……寒いね
唐揚げが少し冷めていた。
けれど、味なんてわからなかった。胸の奥に、まだ答えの出ない感情が静かに溜まっていた。
不意に、彼女がぽつりと呟いた。
「……寒いね」
それだけだった。
でも、僕の中の何かが、ふっと揺れた。
口角がわずかに動くのを、自分で抑えきれなかった。笑ってはいけないのに、笑いそうになった。
こんな状況で、寒いね、なんて。
だって、彼女はまだシャワーも浴びていないのだ。
水着には草の繊維のような汚れが貼りついていて、腕や脚には擦れた赤い跡もあった。雨に濡れた水が、まだ肩に残っている。そんな姿で、ただ「寒いね」と言った。
それが、どうしようもなく人間だった。
その言葉の温度が、この食堂の空気よりずっとあたたかくて、でも、切なかった。
「うん……」とだけ、僕は返した。
寒いのはきっと、気温のせいだけじゃない。
濡れた身体と、擦りむけた皮膚と、誰にも頼れない孤独と、先が見えない時間と――全部が、身体の内側からじわじわと冷やしてくる。

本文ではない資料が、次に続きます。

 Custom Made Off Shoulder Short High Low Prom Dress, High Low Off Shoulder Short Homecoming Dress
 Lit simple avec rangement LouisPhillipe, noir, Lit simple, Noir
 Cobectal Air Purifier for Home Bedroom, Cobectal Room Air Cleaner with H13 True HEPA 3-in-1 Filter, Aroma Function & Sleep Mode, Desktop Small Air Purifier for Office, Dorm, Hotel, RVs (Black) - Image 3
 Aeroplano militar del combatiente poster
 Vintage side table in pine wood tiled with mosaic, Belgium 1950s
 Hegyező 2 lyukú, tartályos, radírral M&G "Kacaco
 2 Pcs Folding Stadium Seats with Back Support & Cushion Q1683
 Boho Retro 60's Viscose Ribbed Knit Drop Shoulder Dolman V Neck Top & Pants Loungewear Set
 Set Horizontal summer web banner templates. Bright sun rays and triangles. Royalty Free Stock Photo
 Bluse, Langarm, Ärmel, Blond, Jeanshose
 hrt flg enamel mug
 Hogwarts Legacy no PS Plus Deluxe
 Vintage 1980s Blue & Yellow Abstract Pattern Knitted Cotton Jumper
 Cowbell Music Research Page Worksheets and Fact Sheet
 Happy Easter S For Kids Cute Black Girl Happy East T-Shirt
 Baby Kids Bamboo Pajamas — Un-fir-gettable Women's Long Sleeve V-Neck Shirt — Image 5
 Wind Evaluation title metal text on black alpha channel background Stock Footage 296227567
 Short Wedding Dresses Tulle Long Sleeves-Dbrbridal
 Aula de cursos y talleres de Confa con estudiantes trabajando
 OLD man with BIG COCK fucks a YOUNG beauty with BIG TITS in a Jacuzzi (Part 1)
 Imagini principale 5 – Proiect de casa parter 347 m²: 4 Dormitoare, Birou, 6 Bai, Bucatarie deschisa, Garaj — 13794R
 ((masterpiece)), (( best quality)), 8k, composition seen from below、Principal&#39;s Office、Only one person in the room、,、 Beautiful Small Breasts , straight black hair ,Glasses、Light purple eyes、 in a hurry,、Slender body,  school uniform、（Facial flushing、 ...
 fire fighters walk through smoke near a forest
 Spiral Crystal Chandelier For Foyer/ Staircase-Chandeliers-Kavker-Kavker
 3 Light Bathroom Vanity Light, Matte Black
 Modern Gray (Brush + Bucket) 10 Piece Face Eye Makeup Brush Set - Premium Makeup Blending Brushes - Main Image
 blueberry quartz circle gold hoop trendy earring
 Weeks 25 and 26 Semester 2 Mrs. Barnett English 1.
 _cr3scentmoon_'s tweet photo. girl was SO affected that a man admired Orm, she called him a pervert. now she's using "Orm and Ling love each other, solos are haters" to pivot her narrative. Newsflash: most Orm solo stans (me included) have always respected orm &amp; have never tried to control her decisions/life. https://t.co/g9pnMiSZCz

でも、そうやってぽつんと「寒い」と言えることが、まだ心が壊れていない証のような気がした。
彼女の言葉が、僕に「思い出させてくれた」。
ああ、僕たちは、ただの番号じゃない。
これは競技でも、選抜でも、試練でもあるけれど――でも、どこかでまだ、人間なんだ。
そのことを、彼女は、たった一言で思い出させてくれた。